# Gonna build me a micro skiff out of this mold.



## Martin Roy

https://www.facebook.com/miniskiff/photos/pcb.165016107336759/165016030670100/?type=3

10' 6"


----------



## Charles Argenbright

Could you take the bottom mold, put in the things you need to put in to produce the boat, I guess fiberglass and/or other materials...get just the jon boat looking bottom...throw a 9.9 motor on it and go fishing ? Is it that simple ?


----------



## Rod_Gentry

Nah, and to the point where you have the basic hull is not that big a part of the job when it comes to even a small skiff. It only takes a weekend to make a basic skiff hull in stitch and glue, and you get exactly what you want, though it is usually a pretty simple hull, and that works pretty well in this segment. The rest of it is a lot of fussing and figuring.

So for one thing, on the skiffs I have built, the main thing is for them to be fishable, the shallow water areas are a small part of the water area, and you may have to travel a fair bit to get to them so in my case I want an unsinkable craft that can be swamped and shake it off. that means decks and floors that make the whole boat unsinkable. You can make a yacht dingy out of pretty shady 5mm underlayment and get decades out of it. And at 300 pounds, all I am standing on is that ply and glass, but it works out OK, because the boat is supported by water. But making decks that you can walk on is structurally challenging (or expensive) if you want to have a light boat. So getting the water out of a small skiff on a Soloskiff type, leads to pedestal motor mounts, which are heavy and structurally complex. One thing leads to another...

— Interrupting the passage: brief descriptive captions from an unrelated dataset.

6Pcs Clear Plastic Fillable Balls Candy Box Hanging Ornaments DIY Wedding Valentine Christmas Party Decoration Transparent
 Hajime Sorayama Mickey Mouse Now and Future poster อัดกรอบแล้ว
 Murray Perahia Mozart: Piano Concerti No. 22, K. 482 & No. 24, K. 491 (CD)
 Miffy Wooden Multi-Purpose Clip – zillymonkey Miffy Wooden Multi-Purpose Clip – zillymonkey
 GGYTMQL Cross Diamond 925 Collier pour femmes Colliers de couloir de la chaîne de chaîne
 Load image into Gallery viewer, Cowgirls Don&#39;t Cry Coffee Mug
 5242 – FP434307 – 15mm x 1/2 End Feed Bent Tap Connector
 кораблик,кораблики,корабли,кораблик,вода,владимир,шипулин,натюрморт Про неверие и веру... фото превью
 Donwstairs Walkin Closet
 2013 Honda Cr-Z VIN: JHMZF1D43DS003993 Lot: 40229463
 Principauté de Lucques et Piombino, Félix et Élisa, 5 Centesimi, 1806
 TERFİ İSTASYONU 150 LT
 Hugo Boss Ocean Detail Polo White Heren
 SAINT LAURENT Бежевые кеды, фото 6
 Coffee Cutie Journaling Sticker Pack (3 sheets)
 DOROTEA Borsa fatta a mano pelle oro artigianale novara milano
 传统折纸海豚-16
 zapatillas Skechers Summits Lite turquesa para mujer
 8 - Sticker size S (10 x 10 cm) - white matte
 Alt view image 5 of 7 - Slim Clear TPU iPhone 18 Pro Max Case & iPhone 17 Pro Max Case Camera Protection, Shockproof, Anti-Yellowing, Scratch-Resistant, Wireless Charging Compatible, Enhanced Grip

And with small skiffs, no way they are optimum for people 100 pounds to 300 pounds if they are stock shapes, they need to be custom. On my larger boats I am dealing with the issue of what happens when I move around the boat vs my wife who is 100 lbs. That leads to a very different boat, from one that might suit two guys who weight 180.


----------



## Charles Argenbright

Rod_Gentry said:


> Nah, and to the point where you have the basic hull is not that big a part of the job when it comes to even a small skiff. It only takes a weekend to make a basic skiff hull in stitch and glue, and you get exactly what you want, though it is usually a pretty simple hull, and that works pretty well in this segment. The rest of it is a lot of fussing and figuring.
> 
> So for one thing, on the skiffs I have built, the main thing is for them to be fishable, the shallow water areas are a small part of the water area, and you may have to travel a fair bit to get to them so in my case I want an unsinkable craft that can be swamped and shake it off. that means decks and floors that make the whole boat unsinkable. You can make a yacht dingy out of pretty shady 5mm underlayment and get decades out of it. And at 300 pounds, all I am standing on is that ply and glass, but it works out OK, because the boat is supported by water. But making decks that you can walk on is structurally challenging (or expensive) if you want to have a light boat. So getting the water out of a small skiff on a Soloskiff type, leads to pedestal motor mounts, which are heavy and structurally complex. One thing leads to another...
> 
> And with small skiffs, no way they are optimum for people 100 pounds to 300 pounds if they are stock shapes, they need to be custom. On my larger boats I am dealing with the issue of what happens when I move around the boat vs my wife who is 100 lbs. That leads to a very different boat, from one that might suit two guys who weight 180.


----------



## Charles Argenbright

Thanks for the info....as kids we would sometimes get plywood and build duck boats with that, tar and glue and some paint. Dangerous for sinking though.


----------